First Posted: Mar 03, 2017 04:36 AM EST
Permafrost
A new study has found that more permafrost can be thawed by global warming, which what scientists thought before.
(Photo : CBS News/YouTube screenshot)

The World Meteorological Organization (WMO) in Geneva is conducting an ongoing study of extreme weather and climate conditions around the world now. It discovered that the temperature of Antarctica reached the soaring 63.5 degrees Fahrenheit (17.5 degrees Celsius) in 2015.

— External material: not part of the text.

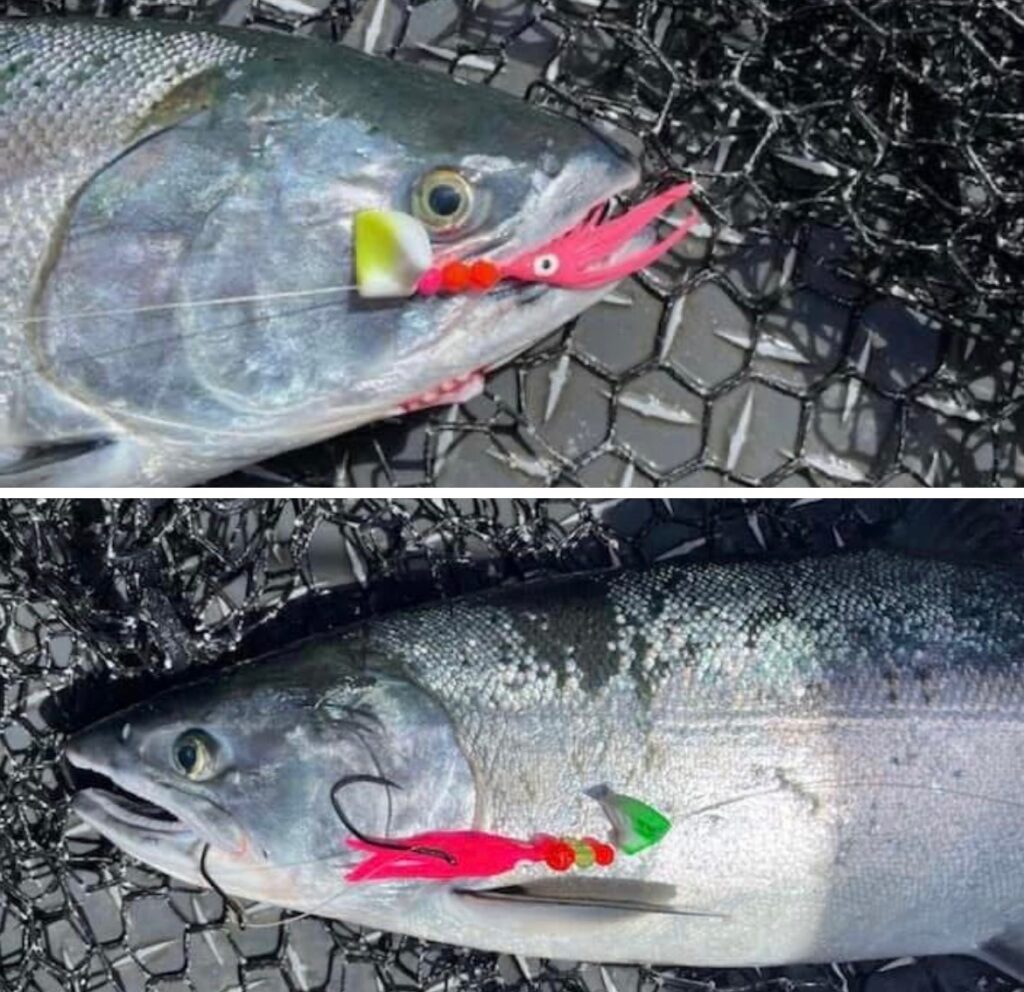 Two salmon with wacko in mouth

Furthermore, the highest on record for the temperature of the Antarctic region was peaked at 67.6 degrees Fahrenheit on Jan. 30, 1982, at Signy Research Station on Antarctica's Signy Island. On the other hand, WMO found that the warmest temperature in the continent itself including the continent and its nearby islands was about 63.5 degrees Fahrenheit on March 24, 2015, at the Argentine Esperanza Base research station, according to CBS News.

Meanwhile, in the Antarctic Plateau, the highest temperature reached 19.4 degrees Fahrenheit at the Automatic Weather Station on the Adelie Coast on Dec. 28, 1980. WMO stated that these high temperatures are a large departure from the continent's lowest recorded temperature of -128.6 degrees Fahrenheit at Vostok Station on July 21, 1983.

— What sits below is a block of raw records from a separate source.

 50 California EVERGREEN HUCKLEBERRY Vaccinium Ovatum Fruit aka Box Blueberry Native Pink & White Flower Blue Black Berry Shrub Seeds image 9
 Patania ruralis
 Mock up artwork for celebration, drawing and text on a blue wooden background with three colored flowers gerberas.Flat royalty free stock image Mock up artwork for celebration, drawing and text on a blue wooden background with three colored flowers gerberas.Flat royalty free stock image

These temperatures of Antarctica are alarming. Antarctica's ice sheet has 90 percent of the world's freshwater. This means if the ice sheet were to melt, it would trigger ice loss and would raise sea level by about 200 feet.

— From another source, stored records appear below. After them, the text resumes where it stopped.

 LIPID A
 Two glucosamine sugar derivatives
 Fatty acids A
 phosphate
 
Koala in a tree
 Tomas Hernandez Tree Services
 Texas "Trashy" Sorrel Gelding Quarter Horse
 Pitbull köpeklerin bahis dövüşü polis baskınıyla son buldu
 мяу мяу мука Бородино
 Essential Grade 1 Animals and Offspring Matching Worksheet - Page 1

Meanwhile, Jamin Greenbaum, a postdoctoral research fellow at the University of Texas institute for Geophysics, said that the warming can be felt in Antarctica as he just visited Antarctica a few weeks ago. He further said that he had seen so much surface meltwater and described it as remarkable. On the other hand, he added that meltwater is alarming because it can lead to the rapid retreat of coastal ice as well as sea level rise.

Michael Sparrow, a polar expert with the WMO co-sponsored World Climate Research Program, explained that the Antarctic and the Arctic are poorly covered in terms of weather observations and forecasts, even though both play an important role in driving climate and ocean patterns and in sea level rise. He further explained that the verification of maximum and minimum temperatures helps them to build up a picture of the weather and climate in one of the Earth's final frontiers, as noted by Engadget.